ASSIGNMENT: Leave out the pictures. Return every record otherwise untouched.

INPUT DATA:
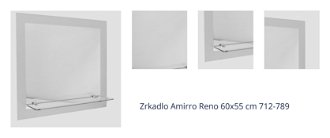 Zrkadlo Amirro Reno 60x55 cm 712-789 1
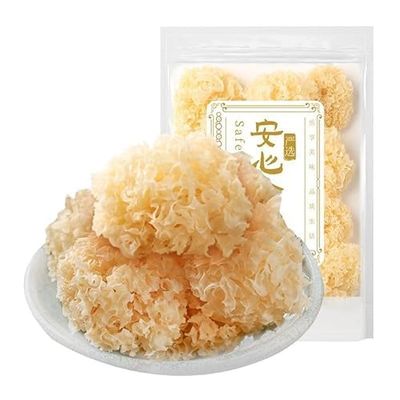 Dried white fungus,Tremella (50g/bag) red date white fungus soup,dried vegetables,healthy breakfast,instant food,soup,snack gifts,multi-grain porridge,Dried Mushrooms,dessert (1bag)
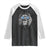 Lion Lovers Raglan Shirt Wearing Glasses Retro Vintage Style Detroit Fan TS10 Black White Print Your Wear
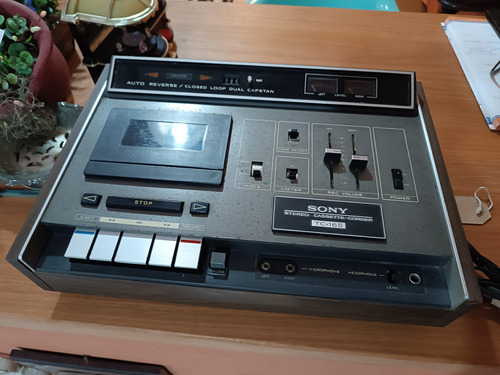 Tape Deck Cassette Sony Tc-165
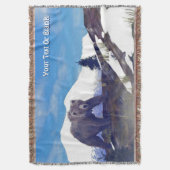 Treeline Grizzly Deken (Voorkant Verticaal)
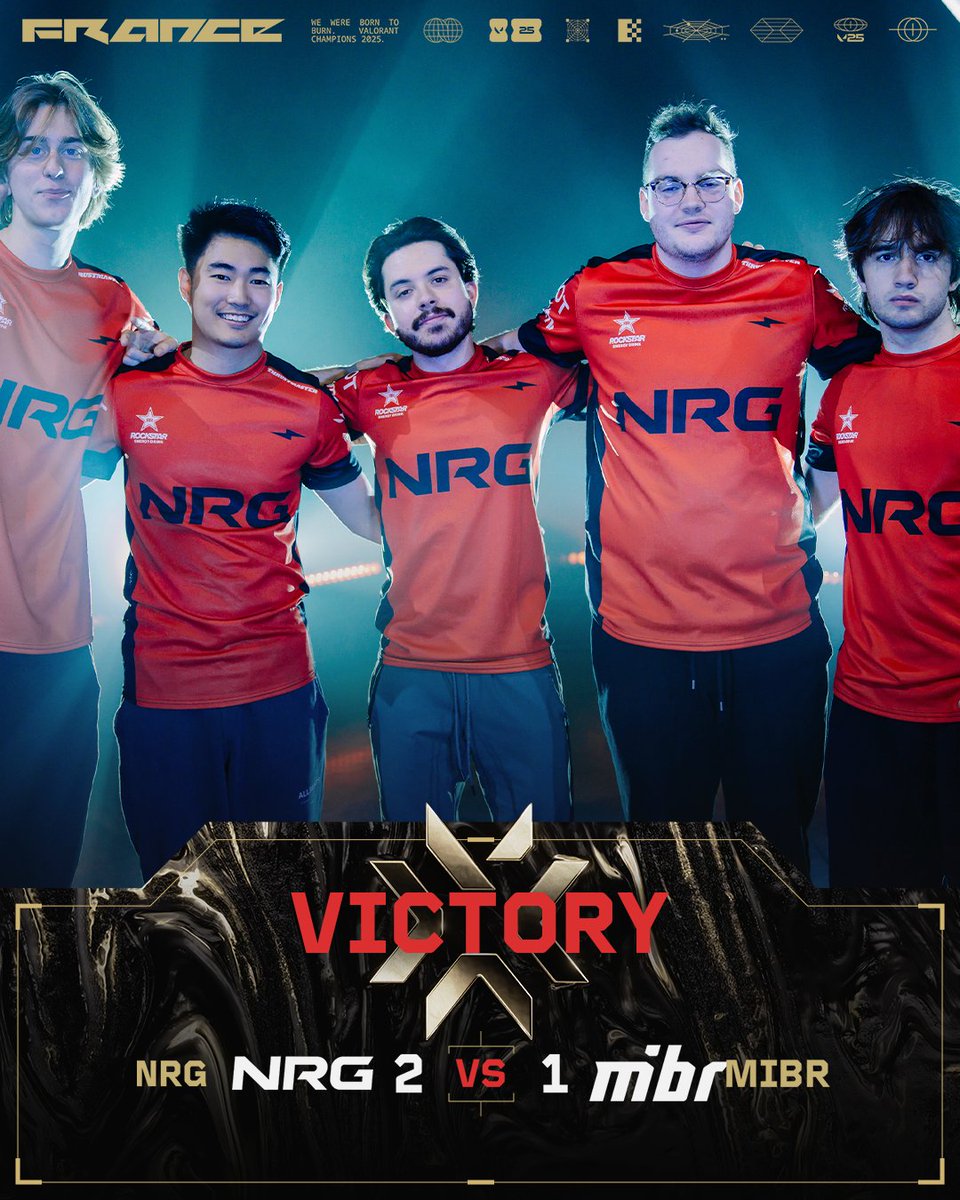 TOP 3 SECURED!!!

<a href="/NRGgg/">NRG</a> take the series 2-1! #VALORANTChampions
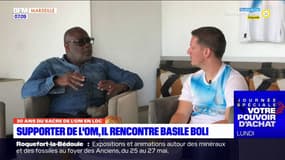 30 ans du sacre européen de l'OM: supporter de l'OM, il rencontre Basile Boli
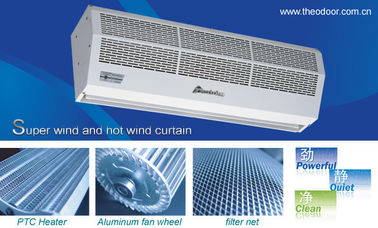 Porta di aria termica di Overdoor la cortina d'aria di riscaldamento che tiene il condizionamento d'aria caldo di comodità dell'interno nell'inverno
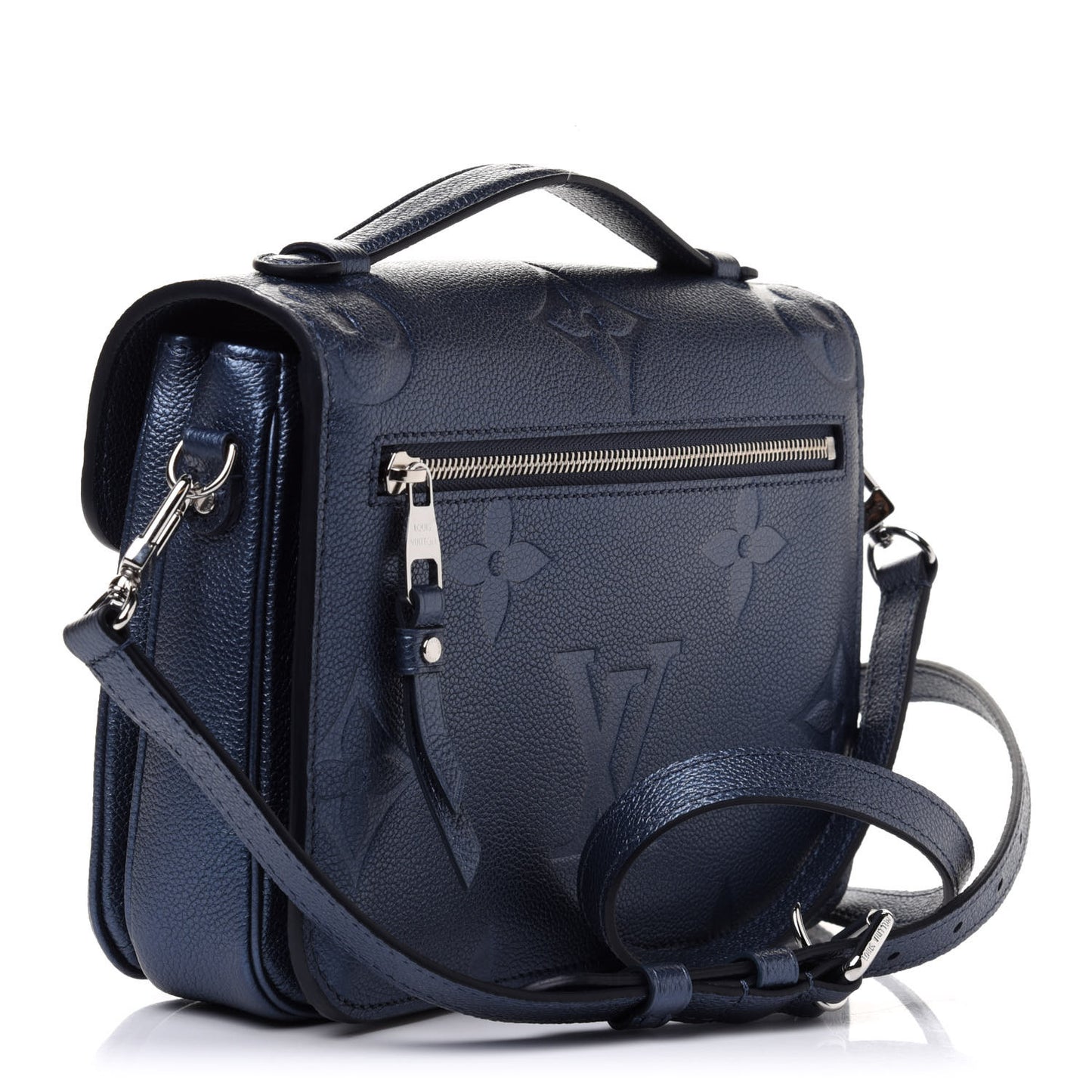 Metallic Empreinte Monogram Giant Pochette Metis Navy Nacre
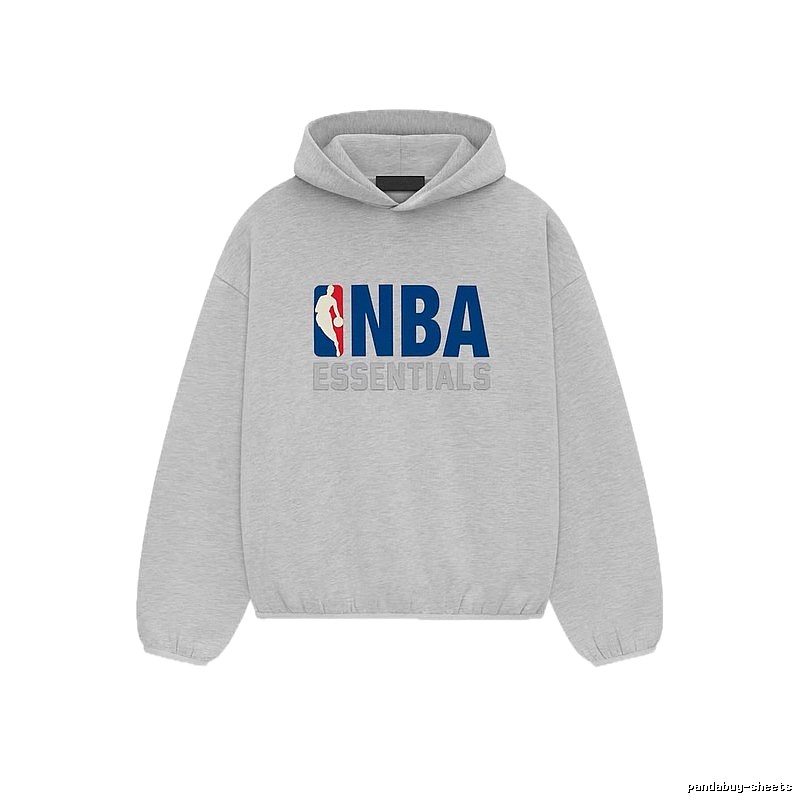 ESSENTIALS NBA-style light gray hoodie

EXERCISE SOLUTION:
 Zrkadlo Amirro Reno 60x55 cm 712-789 1
 Dried white fungus,Tremella (50g/bag) red date white fungus soup,dried vegetables,healthy breakfast,instant food,soup,snack gifts,multi-grain porridge,Dried Mushrooms,dessert (1bag)
 Lion Lovers Raglan Shirt Wearing Glasses Retro Vintage Style Detroit Fan TS10 Black White Print Your Wear
 Tape Deck Cassette Sony Tc-165
 Treeline Grizzly Deken (Voorkant Verticaal)
 TOP 3 SECURED!!!

<a href="/NRGgg/">NRG</a> take the series 2-1! #VALORANTChampions
 30 ans du sacre européen de l'OM: supporter de l'OM, il rencontre Basile Boli
 Porta di aria termica di Overdoor la cortina d'aria di riscaldamento che tiene il condizionamento d'aria caldo di comodità dell'interno nell'inverno
 Metallic Empreinte Monogram Giant Pochette Metis Navy Nacre
 ESSENTIALS NBA-style light gray hoodie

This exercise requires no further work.